Alors que la France mise sur le nucléaire pour assurer son indépendance énergétique, un problème technique surgit sur le chantier des EPR2 à Penly. L’Autorité de sûreté nucléaire et de radioprotection demande à EDF de justifier la qualité du béton d’une digue en construction, selon les informations de Mediapart et Reporterre.
Nucléaire : à Penly, déjà un premier couac pour EDF ?

EPR2 : un chantier déjà sous tension
À Penly, en Seine-Maritime, EDF construit deux nouveaux réacteurs EPR2, censés garantir la production d’électricité pour les décennies à venir. Pour protéger la centrale de l’érosion et des aléas climatiques, une digue de 15 000 blocs en béton est prévue. Toutefois, l’Autorité de sûreté nucléaire et de radioprotection (ASNR) a détecté une anomalie dans la composition du béton : la teneur en silex des granulats serait inférieure aux prévisions initiales.
Si l'ASNR ne remet pas immédiatement en cause la conformité du béton, elle exige quand meme des clarifications de la part d’EDF. L'autorité souhaite qu'EDF grandisse la robustesse de la digue face aux intempéries et à l’érosion marine.
Le projet EPR2 à Penly représente un investissement colossal. Emmanuel Macron a annoncé en 2022 la construction de six réacteurs de ce type, dont deux sur le site normand. Pourtant, alors que les travaux préparatoires avancent, avec 650 personnes sur ce chantier, les réacteurs EPR ont déjà fait parler d’eux avec les retards et les surcoûts abyssaux de Flamanville. EDF et ses partenaires doivent prouver qu’ils ont appris des erreurs passées.
Ce couac sur le béton rappelle à quel point il est difficile de s'assurer que les matériaux utilisés sont irréprochables sur un chantier de cette ampleur. Si le béton utilisé pour la digue n’est pas directement destiné aux bâtiments nucléaires, il est essentiel pour la protection du site. Un défaut de conception pourrait engendrer des réparations coûteuses, voire remettre en question la viabilité de l’ensemble du projet.
EDF doit se justifier
EDF assure que le béton utilisé est conforme aux exigences techniques et que les contrôles sont rigoureux. L’entreprise rappelle que la fabrication des blocs a débuté le 4 mars 2025 après plusieurs tests et ajustements. Pourtant, des analyses indépendantes ont relevé des écarts entre les taux de silex déclarés et ceux effectivement mesurés dans les échantillons.
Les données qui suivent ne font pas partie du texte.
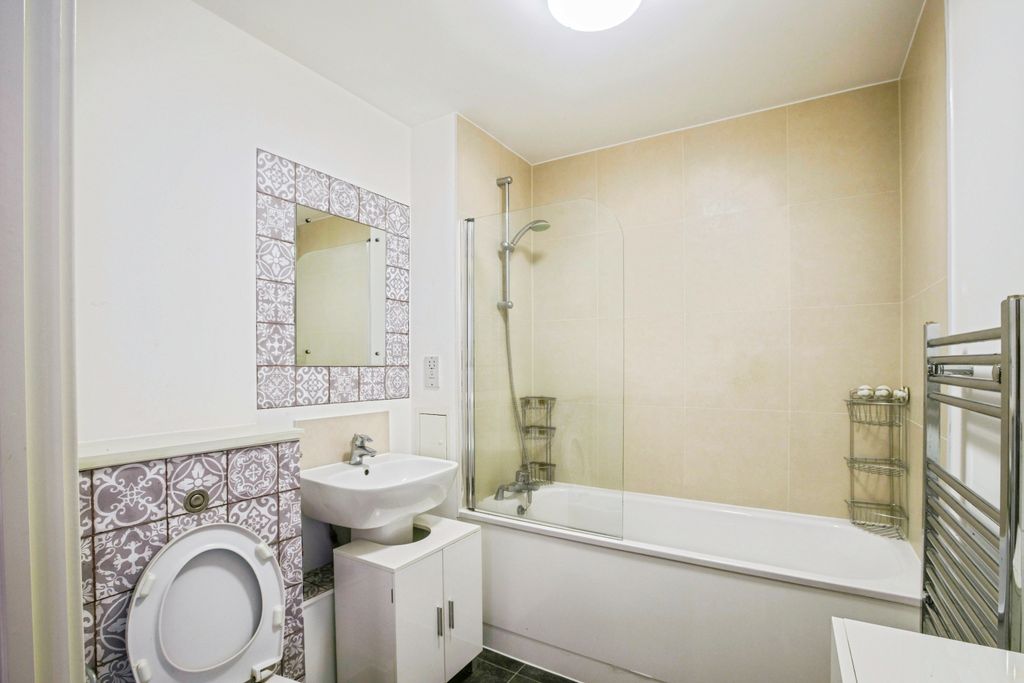 Property photo 3 of 20 Bathroom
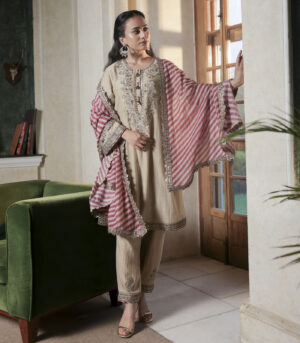 NOOR E SUMMER KURTA SET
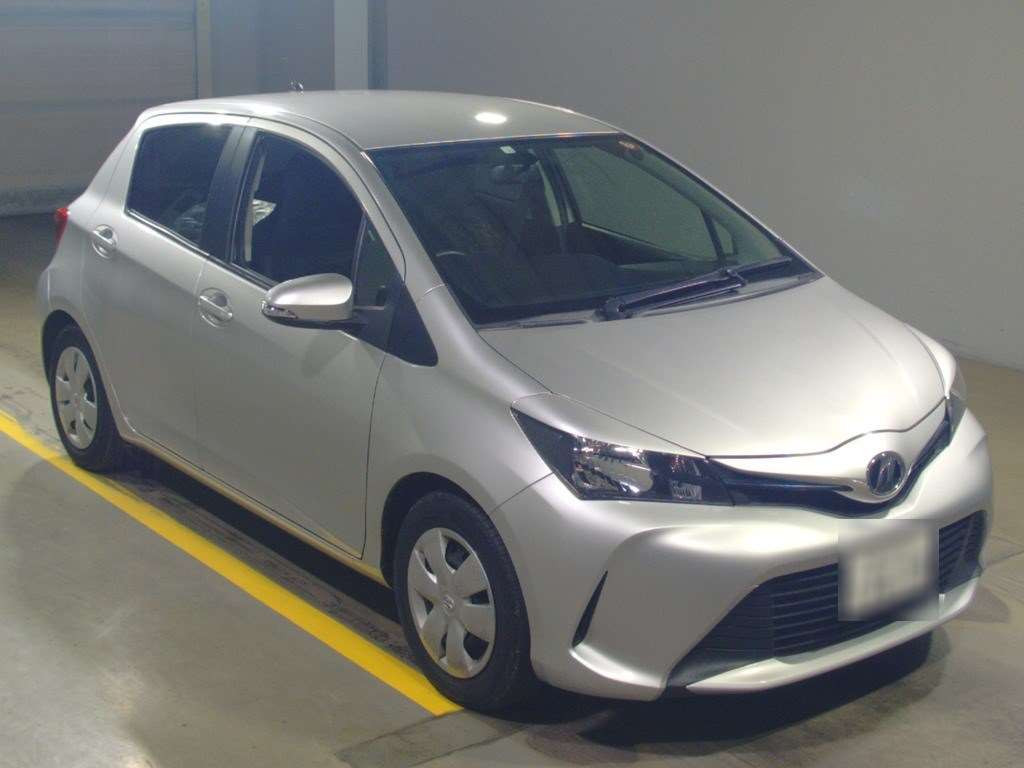 2014 Toyota Vitz NSP130[2]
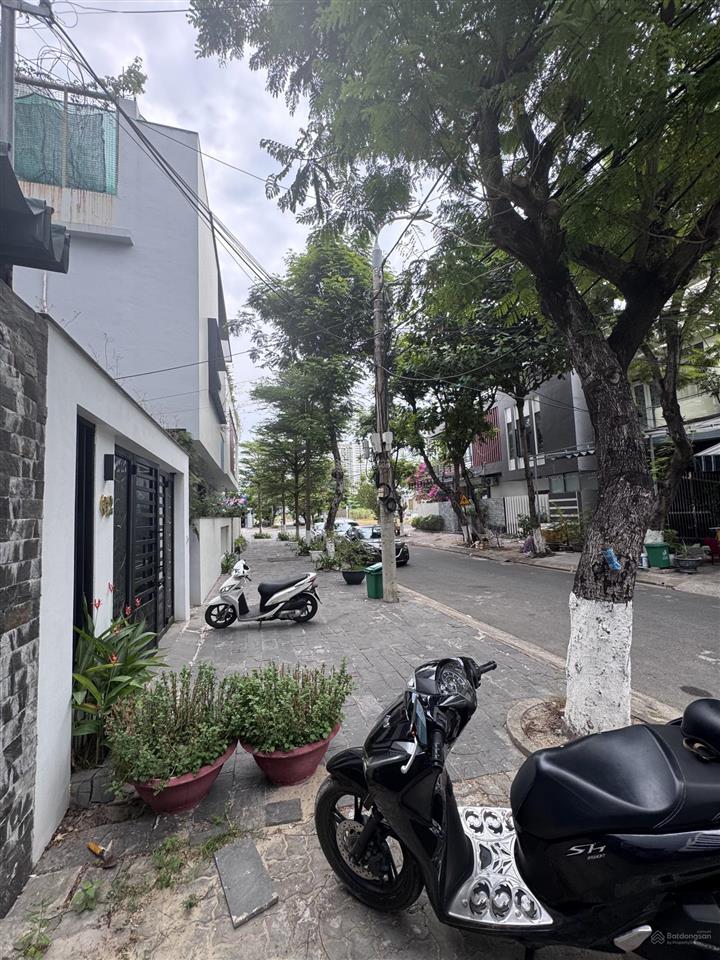 Nhà mặt phố tại đường dương lâm, p nại hiên đông, 9,05 tỷ, 117,5m2 siêu hot chỉ với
EDF est déjà sous tension pour tenir les délais et maîtriser les coûts du programme nucléaire, et cette polémique ne fait qu’ajouter à la pression. Avec une mise en service prévue vers 2035, tout retard ou problème de conception pourrait avoir des répercussions économiques et politiques. L’État, principal actionnaire d’EDF, devra trancher en 2026 sur le financement du projet, un dossier épineux qui conditionnera l’avenir des EPR2 en France. Ce point sera abordé lors du Conseil de politique nucléaire prévu aujourd'hui à l'Élysée par le Président de la République.
On peut dire que la rigueur des normes de sûreté appliquées au chantier de Penly est tenace. L’Autorité de sûreté nucléaire insiste sur le principe de précaution et demande à EDF de prouver que la variabilité des granulats ne compromettra pas la solidité de la digue. Si des correctifs sont nécessaires, cela pourrait retarder les travaux et alourdir la facture.
Le nucléaire est un secteur où l’approximation n’a pas sa place. Les problèmes de béton, même mineurs, rappellent que la qualité des matériaux conditionne la fiabilité des infrastructures. Après les déboires de Flamanville, EDF joue une partie serrée. Un faux pas supplémentaire et la crédibilité du programme EPR2 pourrait être sérieusement entamée.